Escucha esto, voy a hablarte acerca de la angustia,
voy a hablarte acerca de la angustia y la pérdida de Dios,
voy a hablarte acerca de la noche sin esperanza,
del escaso alimento que olvidó mi alma.
Te hablo de la joven con alma de hierro forjado.
The WASP (Texas Radio and The Big Beat)
Jim Morrison
Christian Delclos era un anciano, pero daba la impresión de que se mantenía en forma. Ojos perspicaces, agilidad de ideas y reflejos, un estado de ánimo abierto. La consulta, en cambio, parecía extraída de otro tiempo. Mantenía en ella lo que treinta años antes se habría considerado buen gusto y clase, pero que ahora más bien era nostalgia del pasado, refinamiento y caduca elegancia. Tal vez los pacientes hubiesen envejecido al mismo compás, y el entorno fuese tan esencial como familiar. Debieron esperar algo más de treinta minutos para ser recibidos, tras convencer a una enfermera reticente en la cuestión de citas previas y horarios, de que venían por algo importante. A la enfermera no le gustó su aspecto y lo demostró con insistente energía.

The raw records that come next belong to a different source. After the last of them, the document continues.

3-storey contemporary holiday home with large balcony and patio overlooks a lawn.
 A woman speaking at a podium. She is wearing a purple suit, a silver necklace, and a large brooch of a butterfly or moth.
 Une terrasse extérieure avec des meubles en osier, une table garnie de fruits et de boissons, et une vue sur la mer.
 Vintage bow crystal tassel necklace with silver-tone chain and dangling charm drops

Miraba tan a disgusto el cabello largo de Sam, como la ropa de Adaia, extravagante para ella,. Finalmente los llamó y los condujo a presencia del doctor. El hombre se animó mucho al ver a la visitante, aunque estuvo condescendiente con Sam.
—¿Americanos? ¿Turistas? —preguntó lleno de interés. Y sin esperar respuesta dijo— ¡Es duro encontrarse mal lejos de casa, de lo familiar!, ¿no es cierto? ¿En que puedo servirlos?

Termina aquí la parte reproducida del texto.